2. Le plan de revalorisation du rôle des chefs d'établissement de l'enseignement secondaire

A la suite notamment des réflexions consécutives au rapport remis en avril 1999 par le recteur BLANCHET, relatif à " la revalorisation du rôle des chefs d'établissement dans l'enseignement secondaire ", le ministre de l'Education nationale a signé le 16 novembre 2000 un protocole d'accord portant revalorisation du rôle des chefs d'établissement, c'est à dire qui vise plus précisément à :

- clarifier les missions et les responsabilités du chef d'établissement ;

- créer les conditions d'un pilotage et d'un fonctionnement efficace de l'établissement et de ses différentes instances, notamment en installant une nouvelle organisation de la gestion matérielle et financière pour alléger les tâches administratives du chef d'établissement ;

- développer l'évaluation par objectifs des chefs d'établissement ;

- enrichir et professionnaliser la formation initiale des personnels de direction ;

- faire évoluer progressivement le recrutement en abaissant l'âge maximum d'accès à 45 ans ;

- accroître la mobilité, qui sera rendue obligatoire à l'issue de 9 ans dans le même poste ;

- accroître la déconcentration académique ;

Parallèlement, la carrière des personnels de direction est financièrement revalorisée (revalorisation des indemnités, " repyramidage " du corps, etc.), pour un coût annuel d'environ 160 millions de francs d'ici 2004.

Enfin, les emplois de débouchés offerts sont élargis.

Au total, votre rapporteur se félicite de la plupart de ces orientations, notamment de l'amélioration de la formation, de l'évaluation et de la mobilité de ces personnels indispensables au bon fonctionnement des établissements locaux d'enseignement. Il était en effet parfois peu satisfaisant que certains personnels de direction demeurent 20, voire 25 ans dans le même établissement. De même, l'amélioration de la formation initiale et continue des personnels de direction pourrait permettre la diffusion de techniques modernes de management, comme la construction de tableaux de bord.
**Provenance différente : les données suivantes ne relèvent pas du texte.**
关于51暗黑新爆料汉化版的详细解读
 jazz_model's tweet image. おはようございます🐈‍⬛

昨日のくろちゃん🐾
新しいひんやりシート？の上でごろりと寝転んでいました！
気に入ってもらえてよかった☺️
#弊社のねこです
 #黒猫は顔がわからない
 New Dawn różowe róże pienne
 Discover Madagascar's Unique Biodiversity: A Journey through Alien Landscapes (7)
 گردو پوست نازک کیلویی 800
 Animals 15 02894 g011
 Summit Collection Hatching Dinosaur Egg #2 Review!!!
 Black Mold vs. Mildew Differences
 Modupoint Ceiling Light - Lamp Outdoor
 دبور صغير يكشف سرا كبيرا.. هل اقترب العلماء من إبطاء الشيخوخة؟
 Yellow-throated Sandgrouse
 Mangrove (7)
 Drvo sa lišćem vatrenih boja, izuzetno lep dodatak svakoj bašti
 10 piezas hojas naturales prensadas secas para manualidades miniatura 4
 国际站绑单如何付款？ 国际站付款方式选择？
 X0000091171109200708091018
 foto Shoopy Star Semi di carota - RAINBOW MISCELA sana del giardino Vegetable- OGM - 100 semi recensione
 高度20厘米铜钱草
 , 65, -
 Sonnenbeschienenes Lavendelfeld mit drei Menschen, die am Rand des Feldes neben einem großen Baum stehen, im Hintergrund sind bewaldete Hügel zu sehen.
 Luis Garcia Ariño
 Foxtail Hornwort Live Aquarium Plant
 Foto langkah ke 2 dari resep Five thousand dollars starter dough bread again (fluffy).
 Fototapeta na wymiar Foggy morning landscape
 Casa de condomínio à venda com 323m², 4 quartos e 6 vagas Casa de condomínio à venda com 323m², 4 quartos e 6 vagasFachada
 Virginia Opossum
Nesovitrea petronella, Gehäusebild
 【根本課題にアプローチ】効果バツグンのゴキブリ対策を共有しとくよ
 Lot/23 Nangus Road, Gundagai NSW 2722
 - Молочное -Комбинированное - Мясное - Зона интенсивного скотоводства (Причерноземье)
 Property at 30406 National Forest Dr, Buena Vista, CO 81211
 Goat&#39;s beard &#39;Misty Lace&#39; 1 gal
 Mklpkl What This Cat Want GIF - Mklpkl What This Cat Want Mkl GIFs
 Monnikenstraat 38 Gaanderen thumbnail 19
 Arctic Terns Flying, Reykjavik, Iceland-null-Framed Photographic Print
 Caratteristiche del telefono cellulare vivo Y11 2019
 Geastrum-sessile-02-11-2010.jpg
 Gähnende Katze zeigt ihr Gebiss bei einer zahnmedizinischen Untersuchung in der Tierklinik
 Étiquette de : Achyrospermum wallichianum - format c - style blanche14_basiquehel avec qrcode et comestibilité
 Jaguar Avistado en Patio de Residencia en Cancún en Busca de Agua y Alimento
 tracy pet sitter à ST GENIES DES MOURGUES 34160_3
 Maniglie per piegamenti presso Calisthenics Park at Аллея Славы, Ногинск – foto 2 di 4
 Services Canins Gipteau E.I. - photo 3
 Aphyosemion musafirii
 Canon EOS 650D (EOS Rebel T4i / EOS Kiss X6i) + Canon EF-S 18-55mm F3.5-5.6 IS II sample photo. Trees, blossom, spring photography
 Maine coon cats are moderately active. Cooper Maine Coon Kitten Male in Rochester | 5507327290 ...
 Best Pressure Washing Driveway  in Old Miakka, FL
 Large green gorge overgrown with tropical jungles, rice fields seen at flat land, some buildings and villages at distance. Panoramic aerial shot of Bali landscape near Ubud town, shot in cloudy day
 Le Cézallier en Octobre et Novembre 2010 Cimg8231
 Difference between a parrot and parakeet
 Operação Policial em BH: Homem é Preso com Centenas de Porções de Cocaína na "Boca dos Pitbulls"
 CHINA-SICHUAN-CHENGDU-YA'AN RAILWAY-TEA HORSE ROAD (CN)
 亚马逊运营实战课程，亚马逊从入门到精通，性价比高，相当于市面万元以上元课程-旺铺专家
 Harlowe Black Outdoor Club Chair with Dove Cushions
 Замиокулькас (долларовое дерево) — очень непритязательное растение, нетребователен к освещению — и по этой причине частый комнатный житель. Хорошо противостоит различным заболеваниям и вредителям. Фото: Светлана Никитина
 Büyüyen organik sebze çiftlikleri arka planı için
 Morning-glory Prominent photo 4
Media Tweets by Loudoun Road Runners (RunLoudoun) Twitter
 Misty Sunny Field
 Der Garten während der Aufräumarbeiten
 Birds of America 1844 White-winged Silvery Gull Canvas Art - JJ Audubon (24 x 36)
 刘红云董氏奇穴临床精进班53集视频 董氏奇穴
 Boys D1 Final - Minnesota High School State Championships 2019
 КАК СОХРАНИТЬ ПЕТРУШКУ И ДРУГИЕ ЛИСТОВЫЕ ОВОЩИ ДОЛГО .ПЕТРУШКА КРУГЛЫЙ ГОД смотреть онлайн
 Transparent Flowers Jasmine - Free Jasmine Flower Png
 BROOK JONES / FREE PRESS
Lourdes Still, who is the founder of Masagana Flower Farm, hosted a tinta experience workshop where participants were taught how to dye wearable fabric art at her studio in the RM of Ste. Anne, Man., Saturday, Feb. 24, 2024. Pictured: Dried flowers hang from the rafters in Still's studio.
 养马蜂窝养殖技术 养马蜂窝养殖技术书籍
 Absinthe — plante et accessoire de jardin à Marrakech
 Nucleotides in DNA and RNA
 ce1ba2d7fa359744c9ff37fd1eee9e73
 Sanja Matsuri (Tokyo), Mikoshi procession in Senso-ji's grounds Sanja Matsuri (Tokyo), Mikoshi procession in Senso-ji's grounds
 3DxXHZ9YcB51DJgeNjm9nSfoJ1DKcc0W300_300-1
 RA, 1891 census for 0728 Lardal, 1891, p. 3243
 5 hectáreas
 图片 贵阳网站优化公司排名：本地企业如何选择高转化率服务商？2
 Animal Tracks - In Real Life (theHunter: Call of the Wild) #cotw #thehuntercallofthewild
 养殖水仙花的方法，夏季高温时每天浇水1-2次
Néanmoins, ce protocole constitue à bien des égards une occasion manquée .

En premier lieu, le protocole ne prévoit d'ouvrir le recrutement des personnels de direction qu'à des fonctionnaires détachés, et dans la limite de 5% de chacun des niveaux d'entrée des corps concernés. Il était pourtant envisageable d'élargir ce recrutement à des cadres issus du secteur privé, au moins à titre expérimental.

En second lieu, la " clarification " annoncée des personnels de direction relève plutôt d'un compromis flou.

En effet, si le protocole confirme que le chef d'établissement " impulse et conduit une politique pédagogique et éducative ", il ne renforce aucunement le droit de regard et d'évaluation des personnels de direction sur le travail des enseignants, contrairement aux préconisations du rapport du recteur Monteil de 1999.

Par ailleurs, ce protocole tend à décharger les personnels de direction des tâches d'administration et de gestion, alors même que divers rapports de l'Inspection générale de l'administration de l'Education nationale (IGAEN) soulignaient déjà que les chefs d'établissement n'assumaient pas leurs responsabilités d'ordonnateur de manière satisfaisante, les engagements de dépense étant ainsi souvent signés par le gestionnaire sans contrôle et sans délégation de signature.

3. L'installation du Haut Conseil de l'évaluation de l'école

Le décret n°2000-1060 du 27 octobre 2000 a créé auprès du ministre de l'Education nationale un Haut Conseil de l'évaluation de l'école, composé de 35 membres nommés pour trois ans, dont un sénateur, un député, trois élus locaux désignés sur proposition des associations représentatives et des représentants respectifs des parents d'élèves, des élèves, des étudiants et des personnels de l'Education nationale, ainsi que douze personnalités qualifiées, dont actuellement deux experts étrangers.

Les missions assignées à ce Haut Conseil sont triples :

- l'expertise des évaluations produites et diffusées par le ministère et tous les organismes publics et privés ;

- la synthèse des enseignements des études et des recherches existantes ;

- la commande d'évaluations spécifiques.

Le Haut Conseil est ainsi invité à rendre public ses avis et ses recommandations, notamment au travers d'un rapport annuel, de manière à " intervenir dans le débat public pour favoriser une évaluation objective de l'école ".

Votre rapporteur se félicite du nouvel élan redonné à l'évaluation, et espère qu'il permettra effectivement de diffuser une culture de l'évaluation au sein du ministère de l'Education nationale.

En effet l'évaluation des politiques de l'éducation a récemment connu quelques vicissitudes, et les dépenses publiques d'éducation sont probablement aujourd'hui les dépenses publiques les moins évaluées, alors même que l'information statistique disponible est relativement abondante.

L'expérience du Haut Conseil de la santé publique ou du Conseil d'analyse économique montre toutefois que si de telles instances peuvent dynamiser, au moins temporairement, le débat public, elles ne sauraient se substituer à une véritable politique d'évaluation, notamment parce que leurs analyses s'essoufflent si elles ne s'appuient pas sur un flux suffisant d'études nouvelles.